About Me

Saturday, September 15, 2012

TRUDGING THROUGH THE GRAND MAL FUNK


The Thinker: too much on his mind

So my doctor, the one who told me on Thursday that I have cancer, was supposed to call me on Friday to tell me how bad it is. He was waiting for an additional report from the pathologists. He didn't call.

I didn't call him either, which is what I imagine any normal person would do under the circumstances—call the guy and find out. I don't want to find out. Ignorance of these matters is as blissful as it gets. I'm already imagining the worst I can. Why would I want to find out it's worse still?

Meanwhile, I'm exhausted all the time. Much of this is due I suppose to the fact that I just had surgery. I keep telling myself that it was endoscopic, outpatient surgery, and shouldn't be that big a deal. My doctor keeps reminding me that I was really sick when I first came to see him so I shouldn't expect my recovery to be a simple thing.

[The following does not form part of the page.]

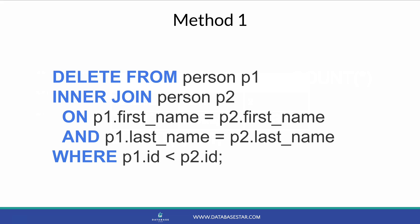We can write a statement like this. We can delete from one table, join to the same table where the ID is less than the joined ID. We join on the fields that are used to identify if a row is a duplicate.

Bolstering this view is the fact that, after two weeks, I'm still hosing saline solutions up into my head and blowing alien life forms out several times a day.

On the other hand, it may be depression that's making me tired. I was actually feeling better for a few days. I had more energy. I was staying up for longer periods of time. I'd weaned off the pain meds. I was busy conceptualizing a new series of artworks featuring tubas of all things, and feeling a renewed sense of excitement about that as well as writing. Then I found out about the cancer.

Now I'm suspended between feelings of not wanting to be in bed and not wanting to be walking around as if nothing's the matter. I spend a lot of time also suspended between really dark thoughts and trying to manage a bucket list that contains not one item that I can afford. My fault really. I mean I didn't have to load the list up with Lamborghinis, waterfront properties, exotic vacations, and a stable of Triple Crown contenders. What the hell was I thinking?

I'm going to have to trudge through this grand mal funk. I don't really have a choice. I figure it will take a couple of days. That's all it took the last time a doctor told me I had cancer. I've got prior experience, so I ought to be better at this process than some poor schmuck who just found out he's got cancer for the first time. Experience counts for more in living than it does in the current job market where, apparently, it just means you didn't have the good sense to move on when you had the chance.

I've done this cancer thing before. I intend to survive cancer however many times I have to in order to die from old age. Fortunately I'm already pretty old so I think I've got a legitimate shot.

In any event, it's a shot I have to take. I've got stuff to do. The tubas are not going to photograph themselves. Nubile young women are not going to come knocking on my door to ask would I mind very much taking their pictures with gigantic wind instruments.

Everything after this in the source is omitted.